Bacterial cell-surface attachment of macromolecular complexes maintains the microorganism in close proximity to extracellular substrates and allows for optimal uptake of hydrolytic byproducts. The cellulosome is a large multienzyme complex used by many anaerobic bacteria for the efficient degradation of plant cell-wall polysaccharides. The mechanism of cellulosome retention to the bacterial cell surface involves a calcium-mediated protein-protein interaction between the dockerin (Doc) module from the cellulosomal scaffold and a cohesin (Coh) module of cell-surface proteins located within the proteoglycan layer. Here, we report the structure of an ultra-high-affinity (K(a) = 1.44 x 10(10) M(-1)) complex between type II Doc, together with its neighboring X module from the cellulosome scaffold of Clostridium thermocellum, and a type II Coh module associated with the bacterial cell surface. Identification of X module-Doc and X module-Coh contacts reveal roles for the X module in Doc stability and enhanced Coh recognition. This extremely tight interaction involves one face of the Coh and both helices of the Doc and comprises significant hydrophobic character and a complementary extensive hydrogen-bond network. This structure represents a unique mechanism for cell-surface attachment in anaerobic bacteria and provides a rationale for discriminating between type I and type II Coh modules.

Fig. 1.

Structure of the type II Coh-XDoc complex.

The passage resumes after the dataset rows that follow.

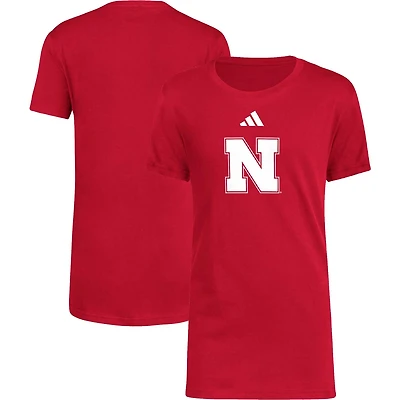 Youth adidas Nebraska Huskers 2023 Sideline Locker Room Logo Fresh T-Shirt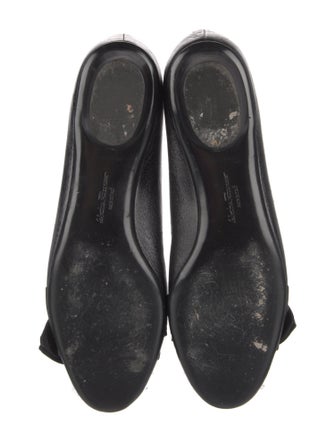 Salvatore Ferragamo Leather Bow Accents Ballet Flats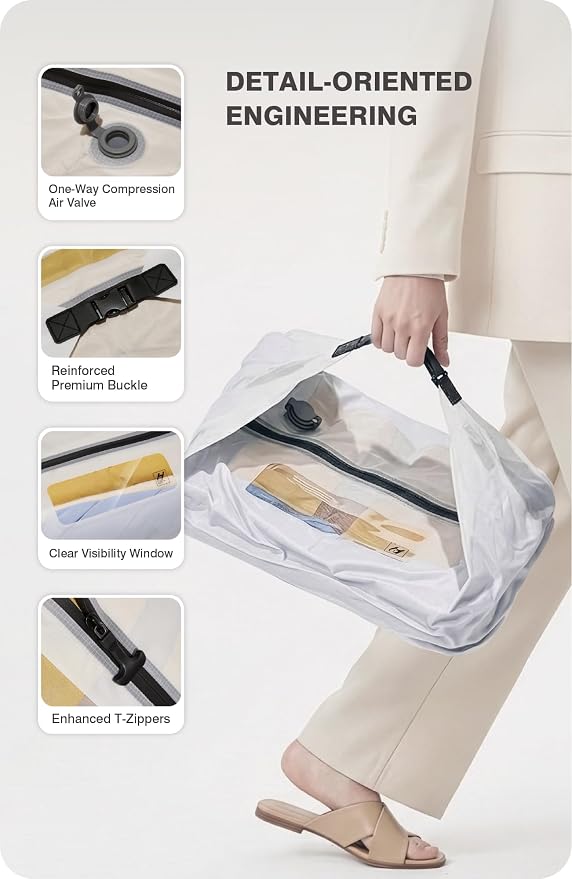 AirVault Vacuum Storage Bags for Travel with Air Pump, Waterproof Compression Packing Bag for Carry On Suitcase & Backpack, IPX8 Travel Organizer (12L Pouch, 2-Pack) - Image 7
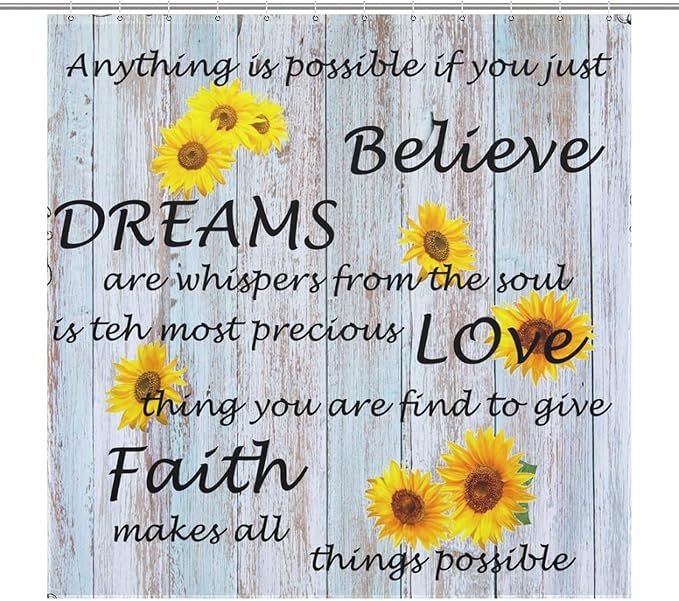 Farmhouse Sunflower Inspirational Quotes Shower Curtain Flower Wooden Background Waterproof Shower Curtains for Bathroom Decor 12 Pack Hooks 72x72in (183x183cm)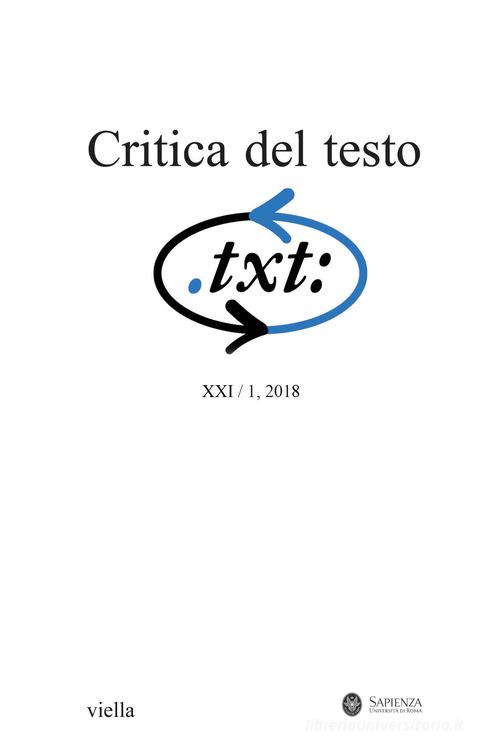 Critica del testo (2018) vol.1 edito da Viella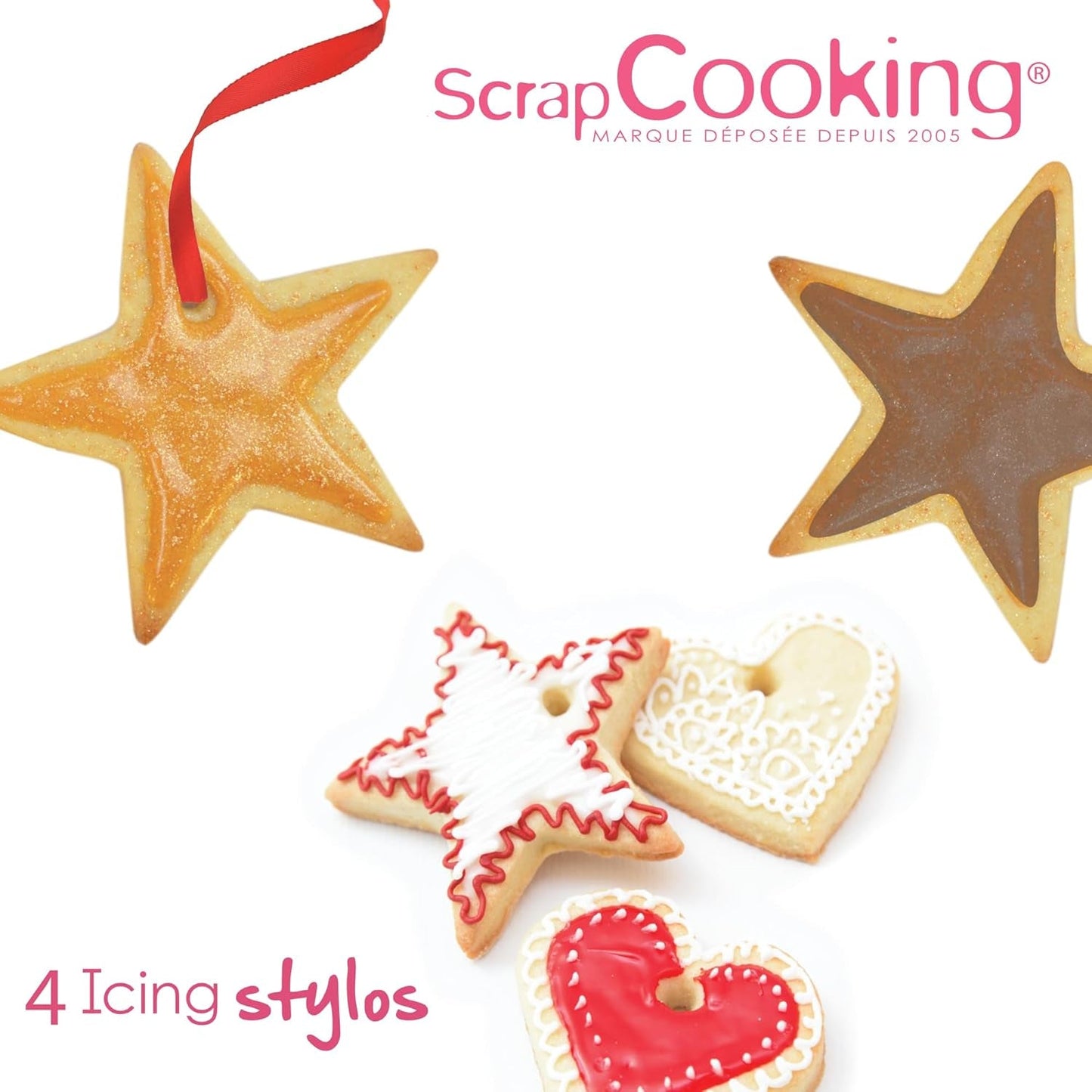 Scrapcooking – 4-teilige Marker: Gold, Schokolade, Weiß und Rot – dekorative essbare Stifte zum Schreiben und Zeichnen auf Desserts, Kuchen und Keksen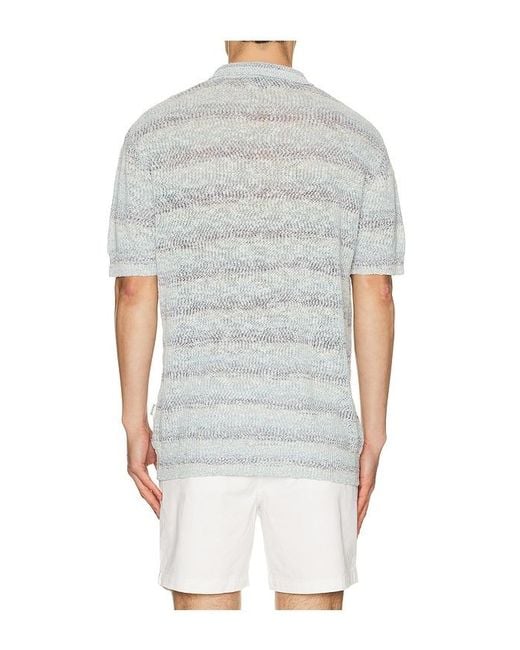 BOUND Gray Textured Knit Polo for men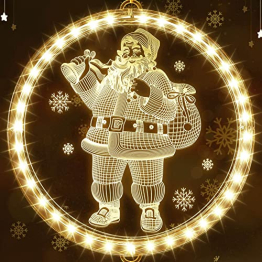 Weihnachten Dekorative Fenster Licht Warmweiß Hängende Weihnachtsbeleuchtung 3D Weihnachtsmann Hintergrund Weihnachtsdeko Lichter für Innen Weihnachtsfeier Party Terrasse Christmas Decoration - 1
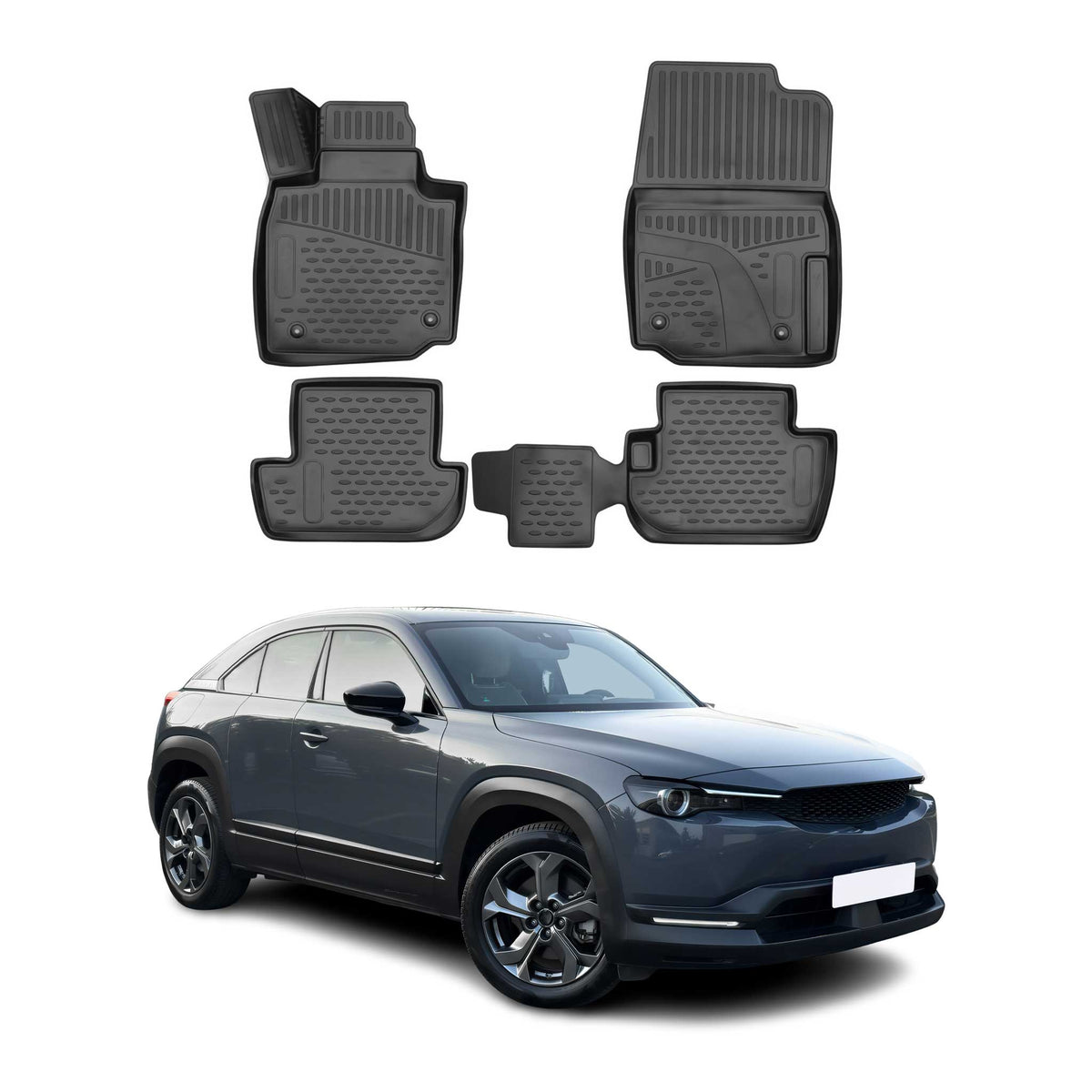 OMAC Alfombrillas De Coche para Mazda MX-30 2020-2025 Negro Goma TPE 4Pza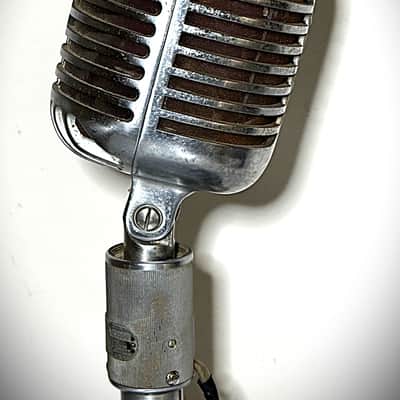 Vintage 1940's SHURE 556A Fatboy Dynamic Microphone, orig element w/cable, stand image 6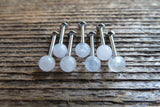 Rose Quartz Natural Stone Cartilage Labret Monroe Tragus Flatback Surgical Steel Barbell Piercing 16G (1.2mm) 6mm 8mm 10mm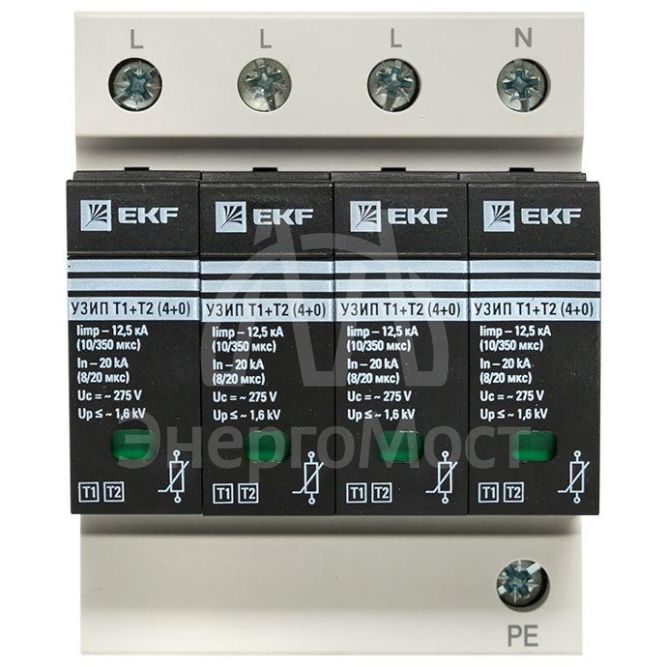 Устройство защиты от импульсных перенапряжений Т1+Т2; Iimp-12.5kA; In-20kA; Uc-275В; 4+0 PROxima EKF OV12-4-504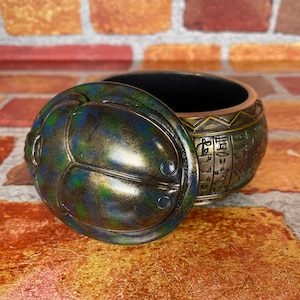 Vintage ägyptische Smaragd Smaragd Trinket Box - Hieroglyphic Schreibtisch Box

Ribbon representation of the complex with the type II Coh module in blue, type II Doc in green, and X module in magenta. The β-strands of the X module and type II Coh are numbered in yellow. The N and C termini are labeled accordingly, and the Ca²⁺ ions are depicted as orange spheres.

Fig. 2.

Doc conformations and XDoc interface. The structures of type II Doc from the type II Coh-XDoc complex (a); type I Doc from the type I Coh-Doc complex (21) (b); and isolated type I Doc (15) (c) illustrate the differences in loop conformations. Coordinating residues at position 1 and 12 of each Ca²⁺-binding loop as stick models, with the Asp at position 12 in each loop of the type II-Doc structure labeled with one-letter code and the corresponding residue number. (d) The XDoc illustration shows the module-module contacts. Interface residues from the X module and type II Doc are depicted as magenta and green stick models, respectively, on the backbone ribbon representation of the XDoc structure.

Fig. 3.

Type II Coh-XDoc complex interface contacts. (a) Ribbon representation of type II Coh, displaying hydrophobic interface residues as stick models on the molecular-surface representation of XDoc. (b) Ribbon representation of XDoc, displaying hydrophobic interface residues as stick models on the molecular-surface representation of type II Coh. (c) Interface hydrogen-bond network, with water molecules shown as red X and hydrogen-bond contacts as yellow dashed lines. Type II Coh, Doc, and X module are colored blue, green, and magenta, respectively. Residues depicted as stick models are labeled accordingly.

Fig. 4.

Interaction surfaces of type I- and type II Coh-Doc complexes. Ribbon representations of type II Doc (green) (a) on the molecular surface of the type II Coh (blue) and type I Doc (red) (e) on the molecular surface of type I Coh (yellow) (21). Representations in b and f have been rotated clockwise 90° around the x axis, followed by a 180° clockwise rotation around the z axis. Electrostatic surface potential representations of C. thermocellum type II Coh (c), C. thermocellum type II Doc (d), C. thermocellum type I Coh (21) (g), and C. thermocellum type I Doc (21) (h). Positive regions are shown in blue and negative regions in red. Residues contributing to the hydrophobic surface character of C. thermocellum type II Coh are labeled accordingly. The location of Ile-118 on the surface of the type II Doc and the analogous residue in the type I Doc (Lys-18) are identified. The electrostatic surface potentials were calculated in grasp (47) and are contoured from -14 (red) to +14 (blue). Ca²⁺ ions are shown as orange spheres.